Directions: Every line below from the one containing "Titelbild der Zeitschrift" through the one containing "Easy Slow Cooker" is to be printed exactly, with the pictures omitted.

Information shown:
- - -

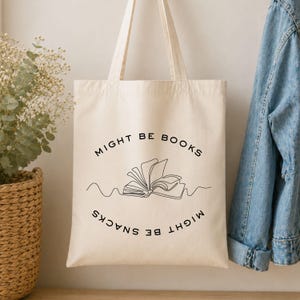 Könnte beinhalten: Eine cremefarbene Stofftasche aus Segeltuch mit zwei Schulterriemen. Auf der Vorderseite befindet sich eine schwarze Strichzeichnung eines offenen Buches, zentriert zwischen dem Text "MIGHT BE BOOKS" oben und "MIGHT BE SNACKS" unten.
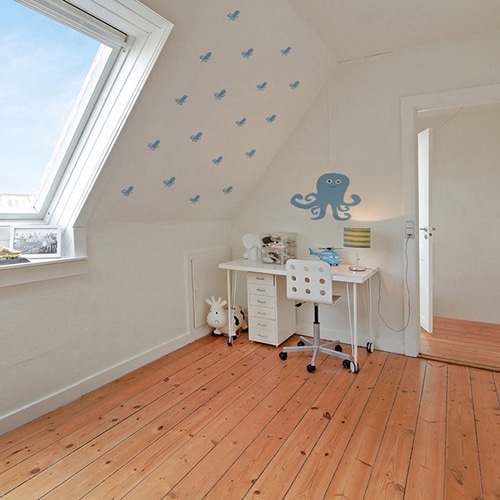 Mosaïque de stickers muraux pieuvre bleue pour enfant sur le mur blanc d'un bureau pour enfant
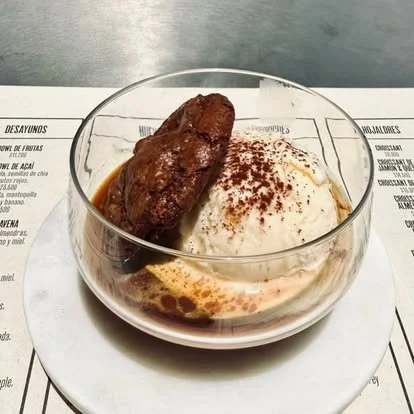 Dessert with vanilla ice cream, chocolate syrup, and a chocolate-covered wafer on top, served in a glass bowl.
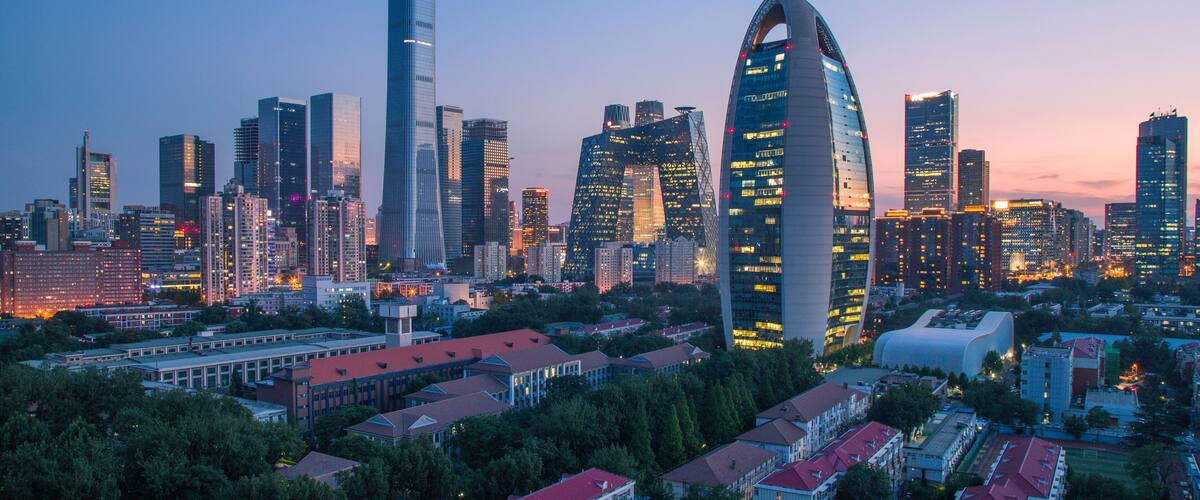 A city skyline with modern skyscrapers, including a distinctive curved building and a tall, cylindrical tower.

- - -

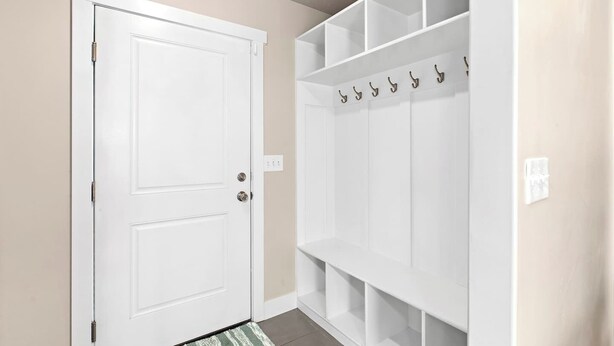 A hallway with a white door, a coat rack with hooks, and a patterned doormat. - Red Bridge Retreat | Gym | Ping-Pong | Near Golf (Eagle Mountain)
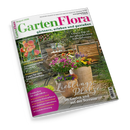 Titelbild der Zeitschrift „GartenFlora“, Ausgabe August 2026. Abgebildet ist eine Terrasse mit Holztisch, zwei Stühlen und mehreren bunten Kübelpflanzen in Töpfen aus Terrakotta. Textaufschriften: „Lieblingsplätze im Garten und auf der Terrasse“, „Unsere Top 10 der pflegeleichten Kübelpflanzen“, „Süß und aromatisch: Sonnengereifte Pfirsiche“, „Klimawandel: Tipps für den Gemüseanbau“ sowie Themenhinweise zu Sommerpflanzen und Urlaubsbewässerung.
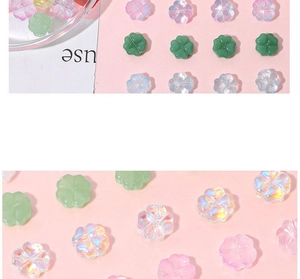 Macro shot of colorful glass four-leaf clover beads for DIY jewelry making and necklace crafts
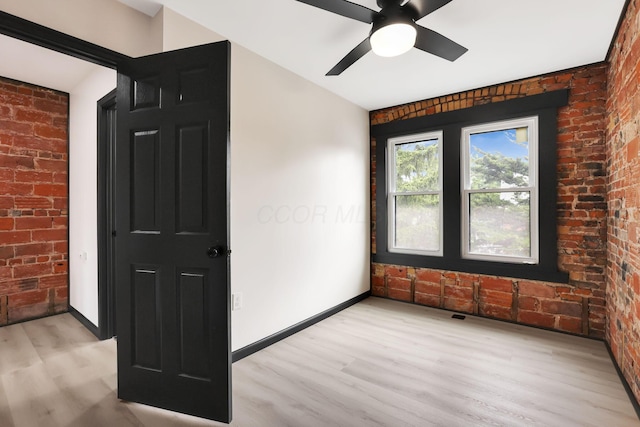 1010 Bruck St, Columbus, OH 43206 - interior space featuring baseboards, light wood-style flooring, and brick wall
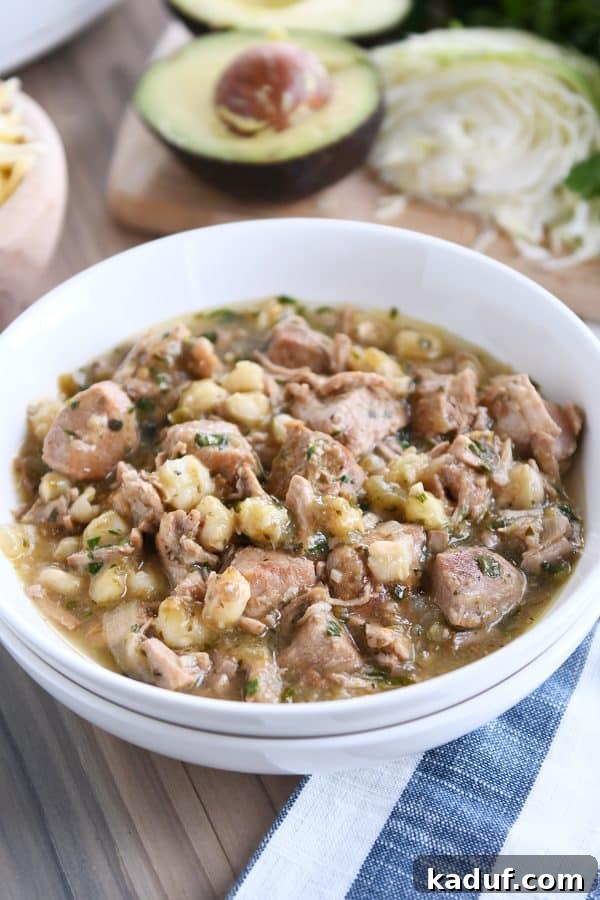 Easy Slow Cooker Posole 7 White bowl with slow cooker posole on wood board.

- - -

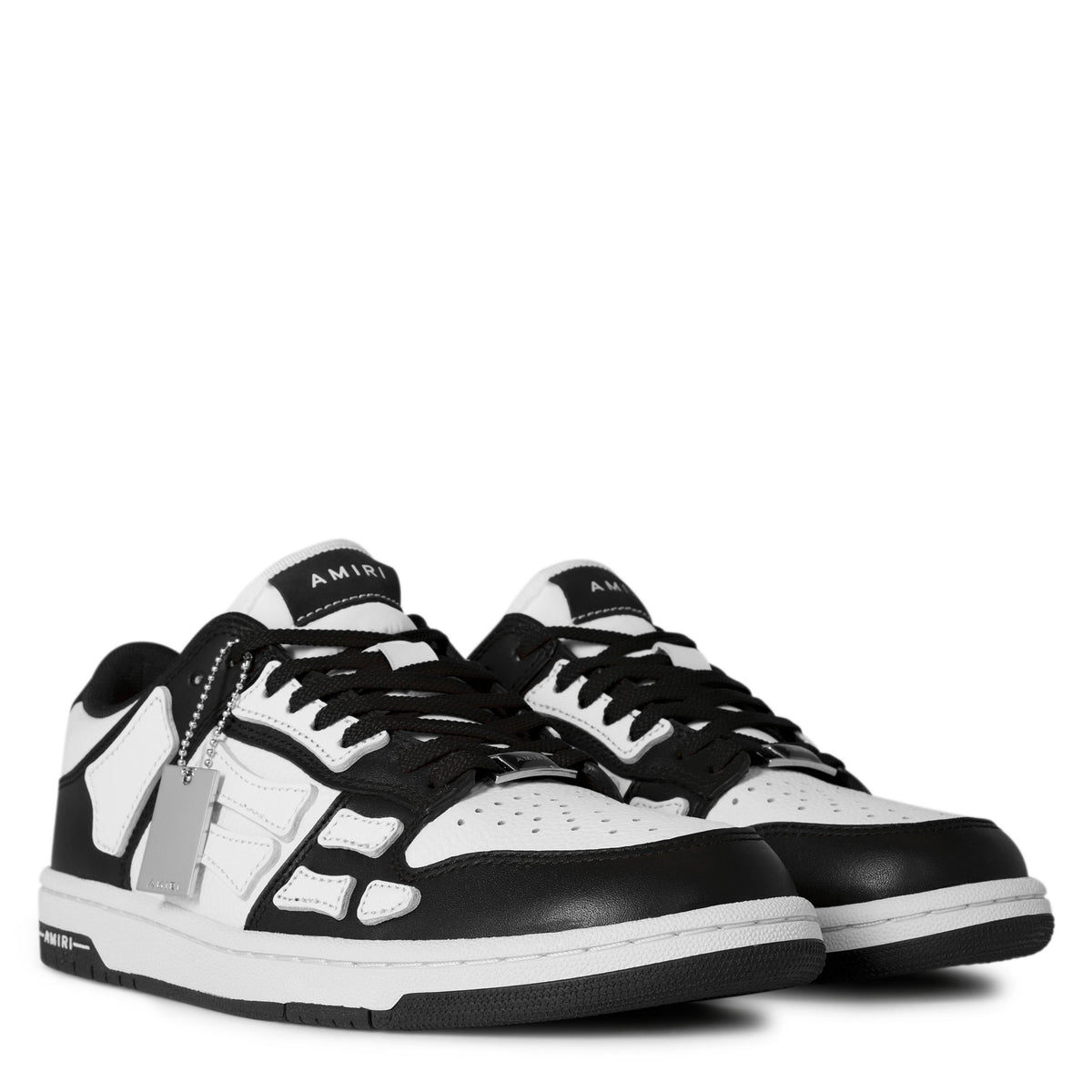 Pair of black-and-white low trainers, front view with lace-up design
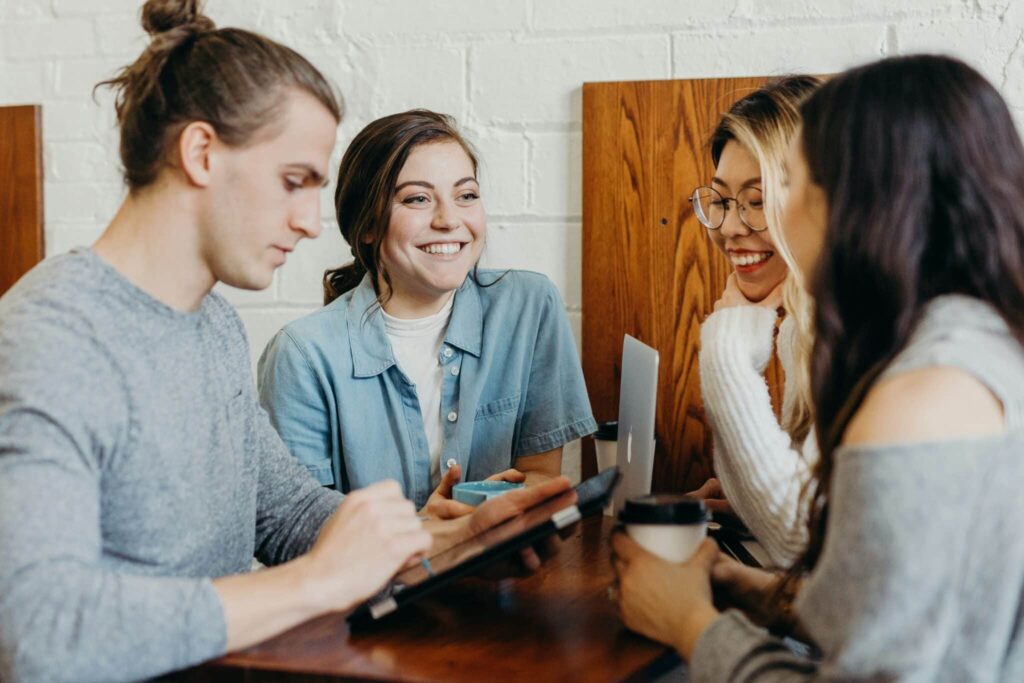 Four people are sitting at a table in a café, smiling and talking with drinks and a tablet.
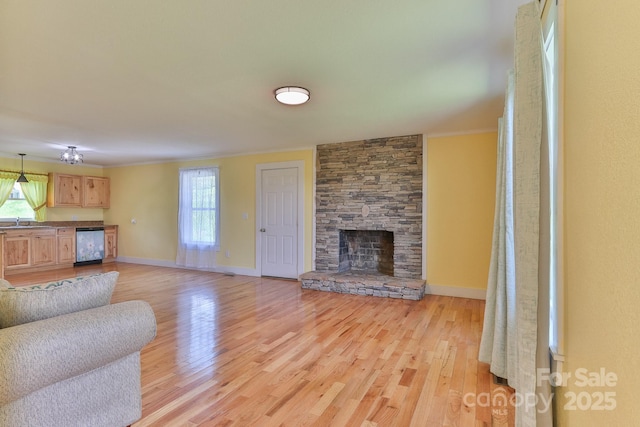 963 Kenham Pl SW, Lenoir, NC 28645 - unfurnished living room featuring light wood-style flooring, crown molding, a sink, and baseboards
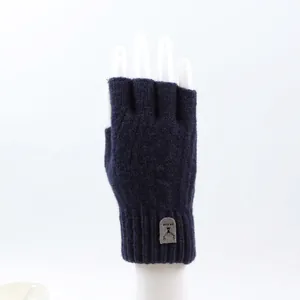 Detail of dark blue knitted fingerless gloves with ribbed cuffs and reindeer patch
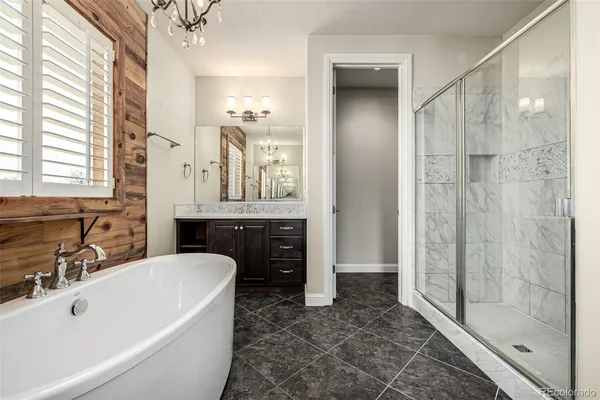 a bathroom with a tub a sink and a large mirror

- - -

Result of this exercise:
 Titelbild der Zeitschrift „GartenFlora“, Ausgabe August 2026. Abgebildet ist eine Terrasse mit Holztisch, zwei Stühlen und mehreren bunten Kübelpflanzen in Töpfen aus Terrakotta. Textaufschriften: „Lieblingsplätze im Garten und auf der Terrasse“, „Unsere Top 10 der pflegeleichten Kübelpflanzen“, „Süß und aromatisch: Sonnengereifte Pfirsiche“, „Klimawandel: Tipps für den Gemüseanbau“ sowie Themenhinweise zu Sommerpflanzen und Urlaubsbewässerung.
 Macro shot of colorful glass four-leaf clover beads for DIY jewelry making and necklace crafts
 1010 Bruck St, Columbus, OH 43206 - interior space featuring baseboards, light wood-style flooring, and brick wall
 Easy Slow Cooker Posole 7 White bowl with slow cooker posole on wood board.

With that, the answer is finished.